# Task directions
Restate word for word the lines from the one bearing "メンズ キッズ heads 丸田のヘアスタイル" through the end of the entries below, and leave every picture out.

[Items from a dataset]
————————

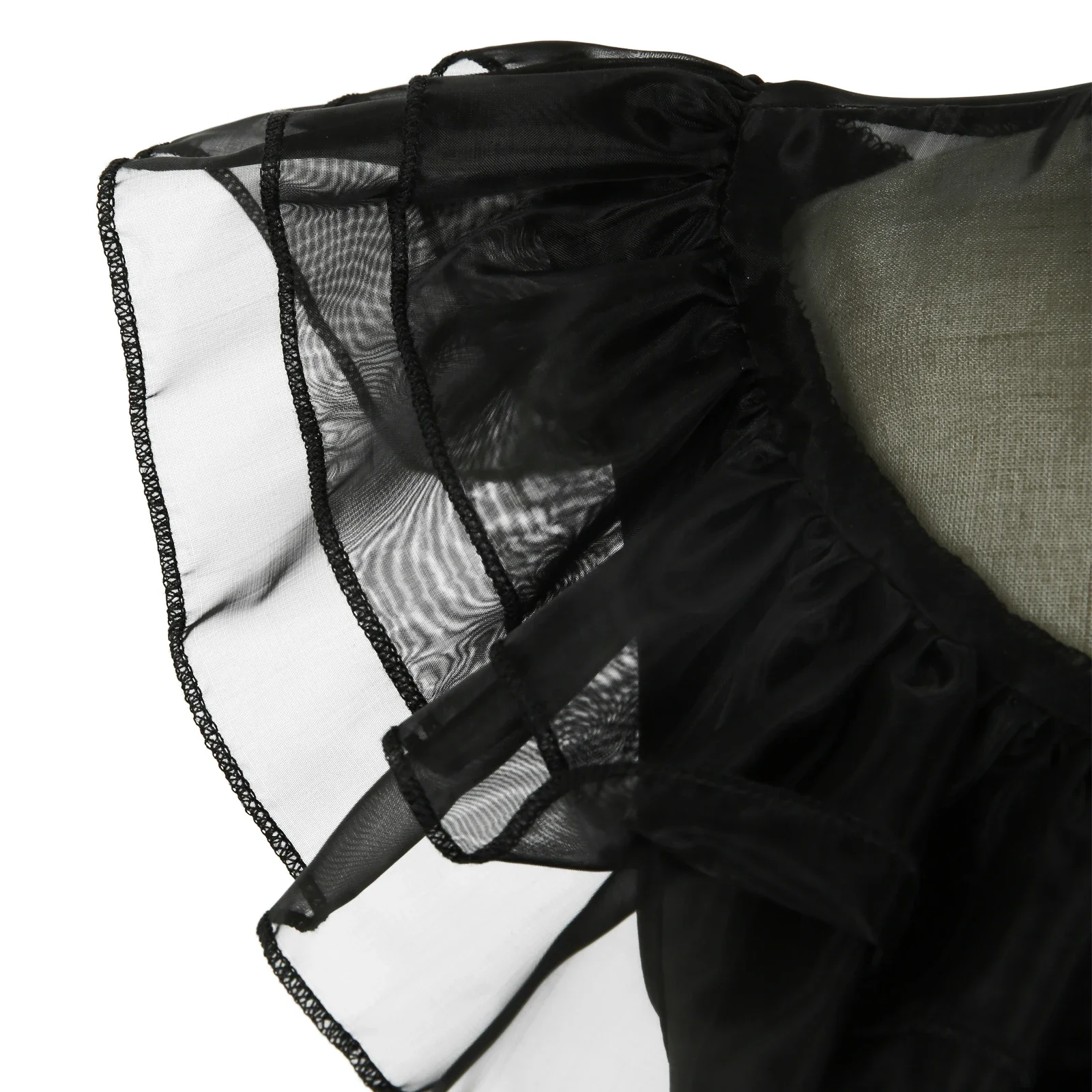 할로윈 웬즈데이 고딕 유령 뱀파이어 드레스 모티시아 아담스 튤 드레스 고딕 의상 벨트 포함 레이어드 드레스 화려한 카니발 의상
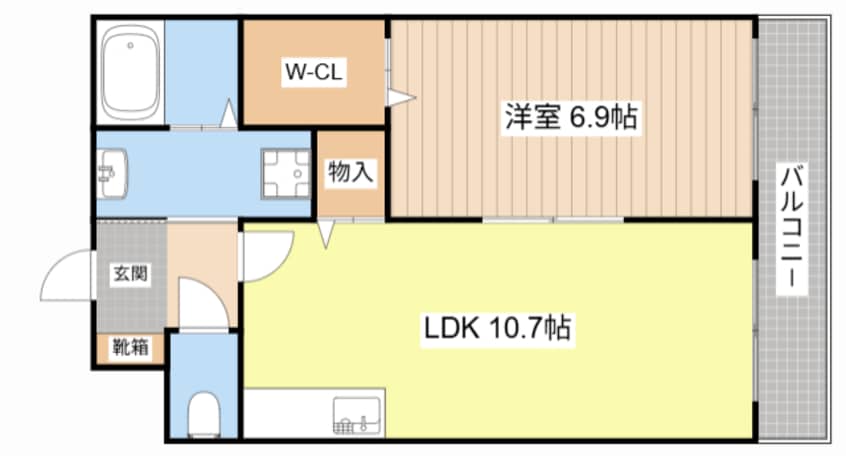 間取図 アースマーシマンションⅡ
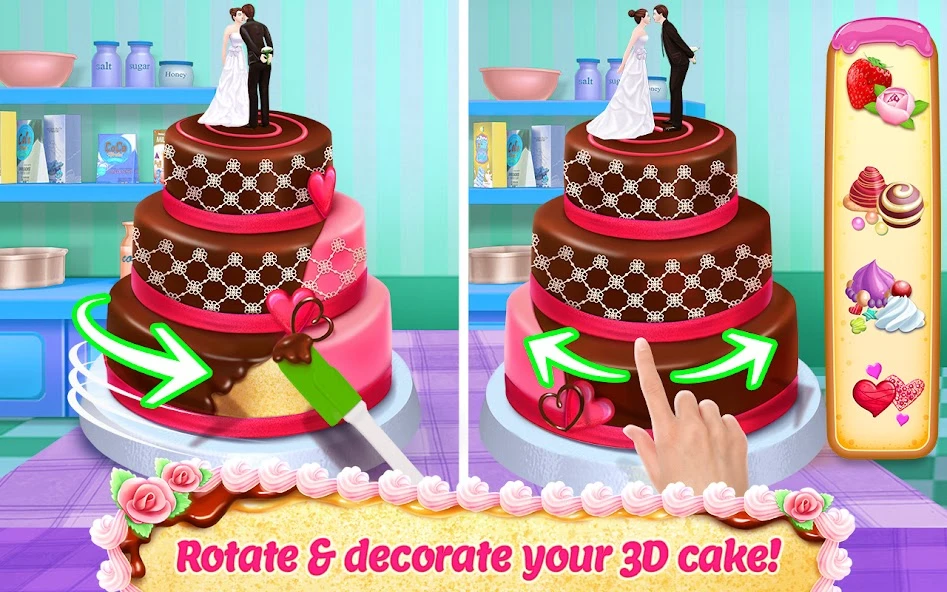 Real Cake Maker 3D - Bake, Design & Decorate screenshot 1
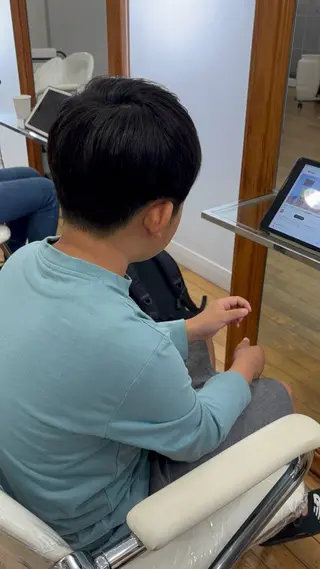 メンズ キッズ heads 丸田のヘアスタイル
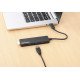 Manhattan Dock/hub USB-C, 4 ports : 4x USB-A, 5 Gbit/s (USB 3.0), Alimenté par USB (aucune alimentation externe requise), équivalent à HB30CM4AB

————————

# Solution to this exercise
 メンズ キッズ heads 丸田のヘアスタイル
 Manhattan Dock/hub USB-C, 4 ports : 4x USB-A, 5 Gbit/s (USB 3.0), Alimenté par USB (aucune alimentation externe requise), équivalent à HB30CM4AB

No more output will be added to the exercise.